TRID is unique in that it is explicitly intended to expand the role of transit agencies in local value capture strategies. In addition to the increased ridership generated by new development near transit stops, it can also generate revenues to support transit service, capital improvements, and maintenance.

Key Provisions

Below is a summary of key provisions of the legislation.
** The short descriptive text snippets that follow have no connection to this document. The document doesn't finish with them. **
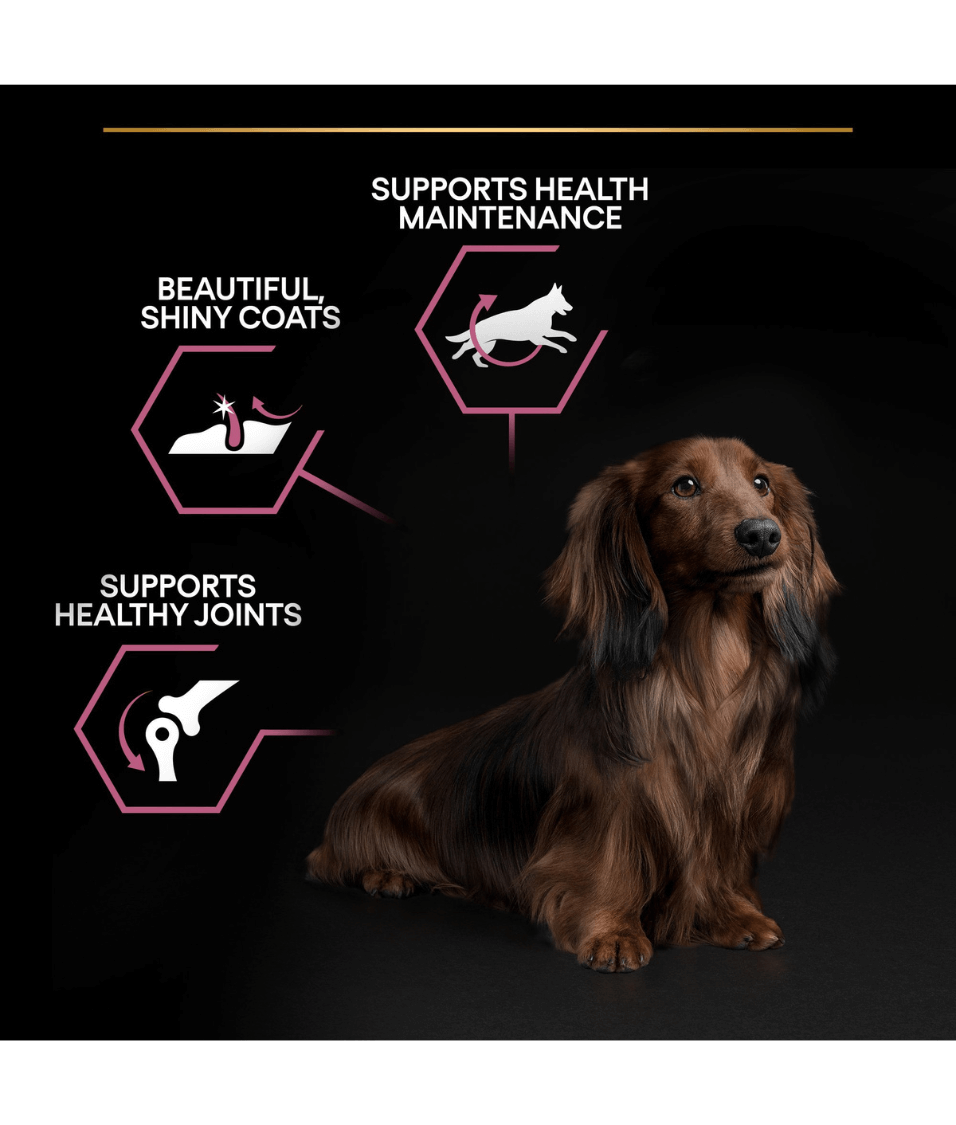 Purina - Pro Plan, Sensitive Skin Small and Mini Adult, Dry Dog food with Salmon 3kg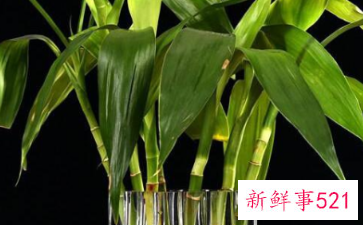 富贵竹寓意和象征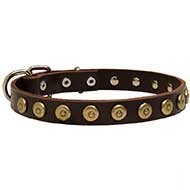 Leather Riesenschnauzer Collar with Brass Dotted Circles for Fashion Walking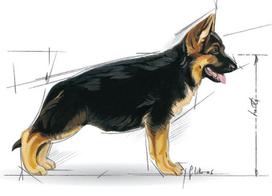 vistiena - Royal Canin Maxi Puppy sausas maistas šunims 15 kg - 2 nuotrauka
  • Eligible TRID locations are defined by distance from a transit stop or station (at least 1/8 mile, but no more than ½ mile), and may include vacant, underutilized or potentially redevelopable land. Specific boundaries can be tailored to local circumstances based on property boundaries or other factors, when authorized by the jurisdiction and the transit agency, and supported by a TRID study.
  • TRIDs are designated by municipalities or counties, in cooperation with transit agencies, transportation authorities, and/or AMTRAK. The TRID may encompass an existing or planned station. The municipality or municipalities enter into an agreement with the transit agency, which defines the activities and commitments of each party to the TRID.
  • TRID plans are required, and must consider the need for capital improvements to transit-related facilities and adjacent public infrastructure as well as opportunities for private sector real estate development. The plan must also include a financial plan, including discussion of funding sources, a proposed amortization schedule where applicable and estimated future maintenance requirements.
  • DCED provides a 75% match for TRID planning efforts and related implementation activities, up to $75,000 per project. Municipalities undertaking a TRID planning study are also entitled to receive priority consideration for planning and implementation grants and technical assistance from DCED, working in partnership with the pertinent county planning agency or agencies and other State agencies with grant or loan programs that may be applicable to TRID. In addition, Commonwealth agencies are directed to provide State resources, programs and new capital investments that will assist local governments, transportation authorities and transit agencies to implement TRIDs.
  • Transit agencies may purchase and improve property within a TRID, consistent with existing authority and limitations on transit agencies to condemn and acquire land for public transportation purposes. A transit agency may not be the primary real estate developer, but it can purchase property, make improvements, and work with the local jurisdiction(s) to offer it for sale for uses consistent with the plan. Alternatively, they can advertise the presence of development opportunities within the plan area.
  • While a management entity must be designated to manage and facilitate implementation, municipalities retain policy and oversight responsibilities over the budgetary and programmatic actions of the entity. Neighborhood improvement districts or business improvement districts may act as the managing entity for implementation activities.
  • Value capture areas are coterminous with TRID boundaries, within which taxing entities can share incremental tax increases generated by new real estate investment in the TRID. The tax revenues are dedicated to specific improvements designated in the TRID planning study.
  • Community involvement is required during the planning and establishment of a TRID, including at least one public meeting to explain TRID and alternative implementation approaches, and another to review the proposed joint development plan and its related public improvements prior to implementation.